[Page 399, line 5] rolled the stone away Matt. 28,2: “And behold, there was a great earthquake: for the angel of the Lord descended from heaven, and came and rolled the stone from the door …”. See also Mark 16,4 and Luke, 24,2.
[Page 402, lines 14-5] prep. school short for preparatory school. Usually a boarding-school, designed to prepare boys of between 8 and 13 for the ‘Common Entrance’ examination, required for admission to the prestigious fee-paying schools known as “public schools.”
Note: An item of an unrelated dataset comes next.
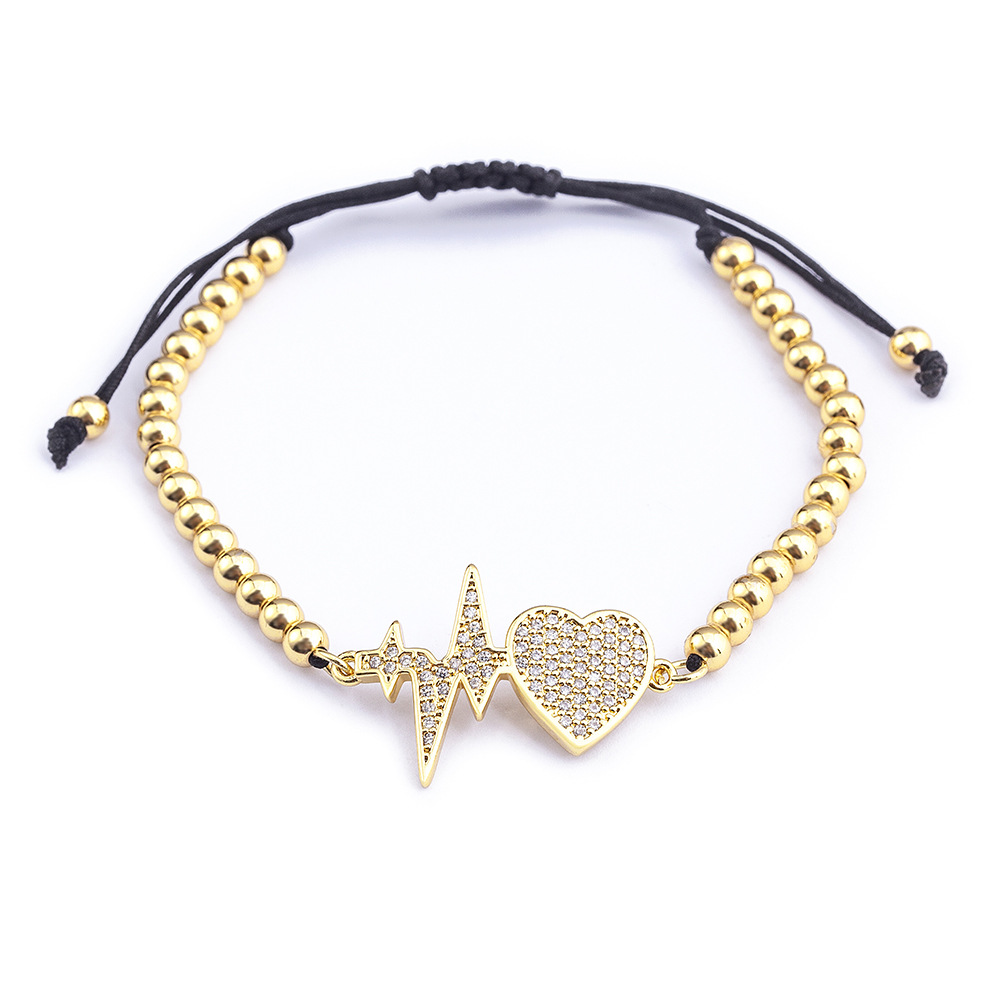 Heart Shape Copper Bracelets With Beading, 18K Real Gold Plated Electroplated Finish, Stretch Adjustable Bangle 5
[Page 402, line 25] William the Conqueror King William I of England was the son of Duke Robert of Normandy and Arletta, the daughter of a tanner of Falaise. The Duke recognised him as heir and successor, but rival claimants tried to deny his right on the grounds of bastardy. Duke William successfully invaded England in 1066.
[Page 403, lines 22-3] into the Line At the outbreak of World War I (August 1914), thousands of young men from the universities and the top forms of the schools and many others rushed to volunteer for the ranks of the Army. They were killed as privates etc. before proper selection could be made from them as officers. However, it must not be forgotten that just as many would have been killed in any case, for the life of young officers at the front in France was a short one, certainly no longer than that of the rank and file soldiers.
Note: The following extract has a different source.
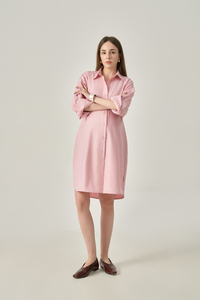 Robe chemise en coton pour femme, boutonnée sur le devant, manches longues, longueur genou, coupe ample respirante, style décontracté pour le bureau - Product Image 4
[Page 403, line 23] O.T.C. Officers’ Training Corps. Most of the “public” schools had such corps, and they provided partially trained officers for the new armies of 1914-15 – including many who had not planned on joining the Army.
[Page 403, line 26] Army red In 1914 most of the infantry of the British Army had “walking-out” dress with scarlet tunics, as well as khaki working uniform. Khaki had been introduced during the South African war, since red coats had been found to be dangerously conspicuous.
[Page 404, line 9] K Field Marshal Lord Kitchener of Khartoum had been Secretary of State for War from the early days of August 1914.
[Page 404, line 20] distant service “Eastern service” in the Strand magazine version of the text.
[Page 404, line 24] Loos The battle of Loos, Sept.-Oct. 1915. Heavy British casualties included Kipling’s son.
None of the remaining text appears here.